Hey,” I called as he opened the trunk of the white Crown Victoria the next day. “You got my chainsaw in there?”

“Sorry,” he said, removing an evidence kit and closing the lid. “We haven’t been able to empty the pool yet. Drainpipe’s frozen solid; so is the valve mechanism. We’ll need a few days above freezing to thaw it out enough to drain.”

“Can’t you just put in a sump pump and pump it out from the top?”

“We could, but then there’s that thick layer of frozen ice hanging up near the top of the pool. If we pump all the water out from underneath, a ton of ice could come crashing down on your chainsaw and bust it up. You don’t want that, do you?”

“Busted or rusted,” I sighed. “Not sure which is the greater of two evils.”

“I don’t think it’s actually rusting while it’s submerged,” he said. “I think the rust starts to form only after it comes out of the water — takes moisture plus air to oxidize the steel.”

Now that he said it, it made sense. I’d seen a gruesome version of that phenomenon affect decomposing bodies. Soft tissue that decayed in moist environments, such as basements and caves, was transformed into a waxy or soapy substance called adipocere. A few years before, in fact, I’d had a case in the mountains of Cooke County in which a young woman’s body — hidden in a cave for decades — turned into a remarkable adipocere mummy. In the absence of oxygen, though, completely submerged bodies did not turn to adipocere.

“So when we do get the saw out,” Emert continued, “we’ll put it in a trash can filled with water, so it stays submerged till you can take it to a shop and get it taken apart and drie

d out.”

In one corner of the loading dock I noticed an empty plastic trash can lying on its side. I picked it up and handed it to Emert. “Take good care of my baby,” I said. He laughed as he put it in the trunk.

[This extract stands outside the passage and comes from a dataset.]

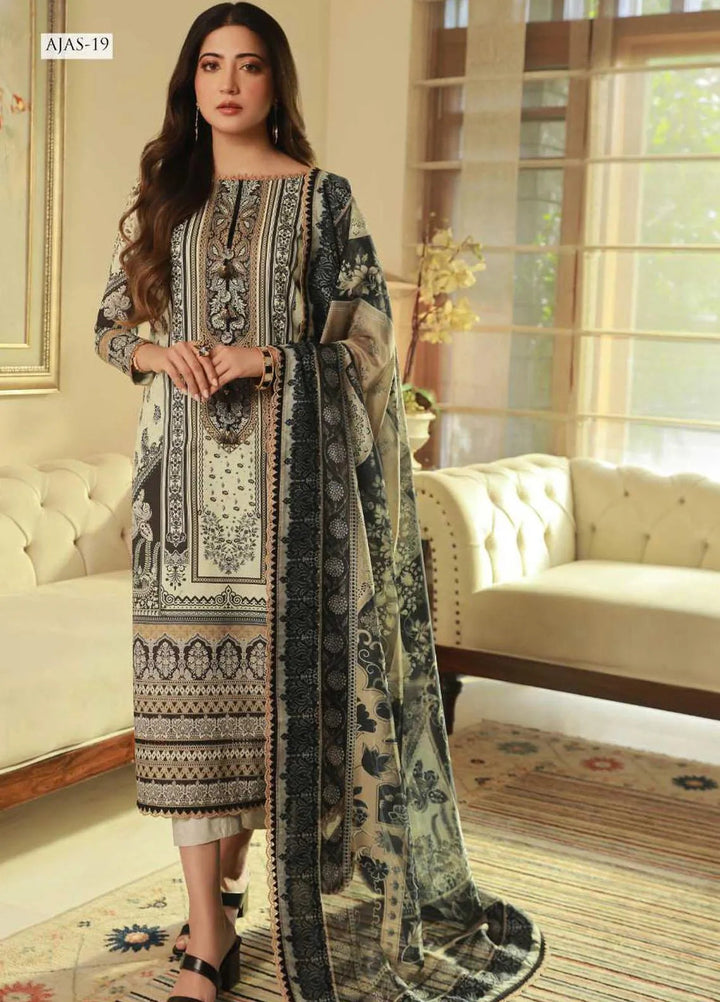Asra Intermix By Asim Jofa Printed Cambric Unstitched Suit 2 Piece AJ23AI AJAS-19 - Formal Collection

Emert patted down the clothing thoroughly with evidence tape. The tape’s sticky side would pick up hair and fibers, much like the lint roller I had at home. I’d seen evidence tape used many times, but Emert’s variety had a plastic backing I hadn’t seen before. “This is a fairly new kind,” he said. “The plastic’s water-soluble. Once I’m through, I put it in warm water to dissolve the backing. That leaves the hair and fibers in the water. Pour the water through a coffee filter, and voilà—everything’s together in one nice, neat place.”

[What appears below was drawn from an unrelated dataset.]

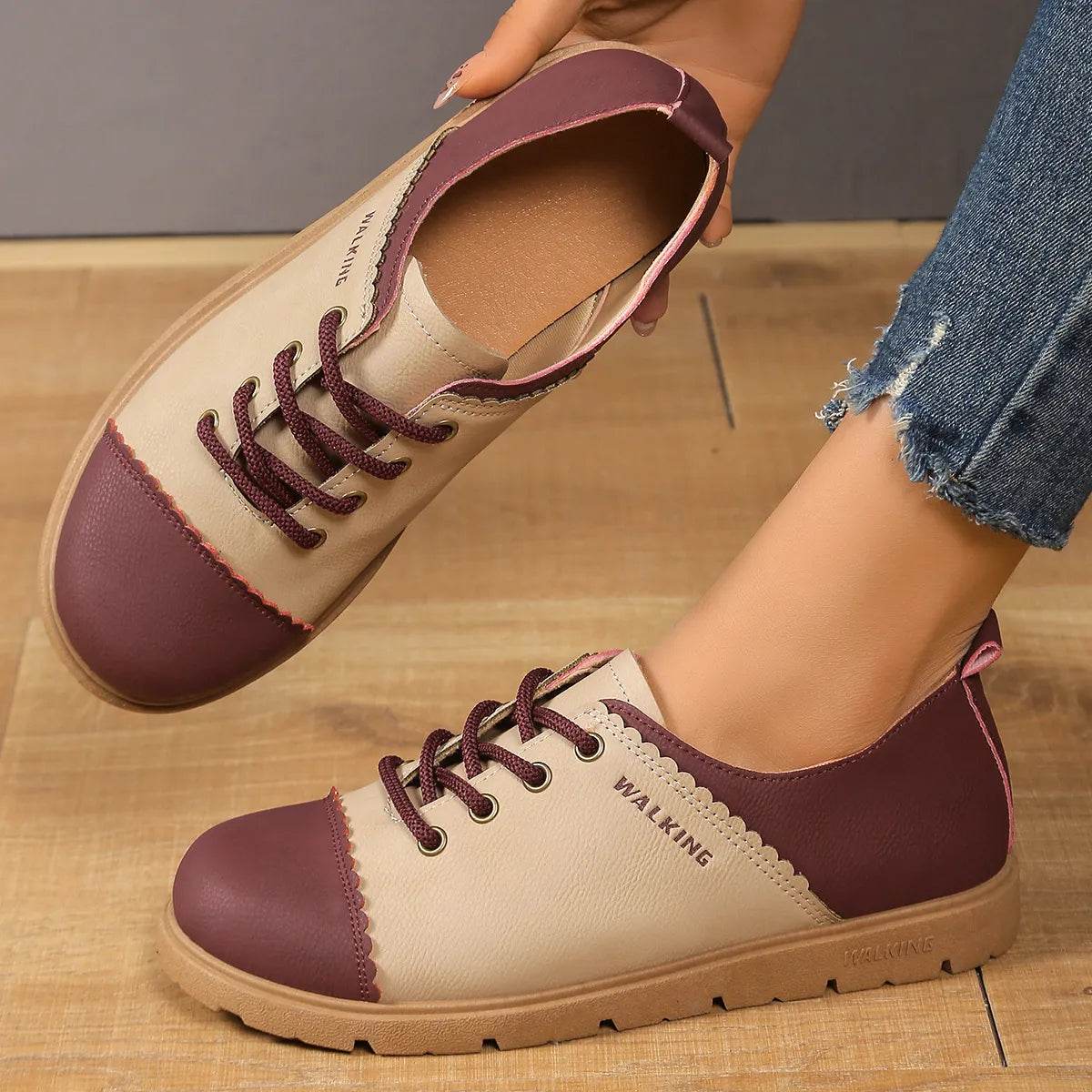 Color Block Lace Up Sneakers - Tredona LLC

Once Emert was satisfied that he’d gone over the clothing thoroughly, he began checking the pockets of the pants. Easing a gloved hand into each of the front pockets, he extracted a set of keys and a few coins. Then he felt the seat of the pants — left, then right — to check the rear pockets. The left hip pocket was empty, but I saw him smile when he felt the right pocket. Un-buttoning the closure carefully, he slipped a hand into the pocket and fished out a worn leather wallet. He laid it on an absorbent pad and unfolded it gently.

His eyes widened. Looking down to see what he’d seen, I made out the familiar markings of a Tennessee driver’s license through a clear plastic window in one side of the wallet. “Wow,” Emert said. “No wonder he looked familiar.”

“Who is it?” Instead of answering, Emert held the wallet up so I could take a close look. LEONARD M. NOVAK, the small print on the license read. “Novak,” I said. “Rings a bell, but only vaguely.”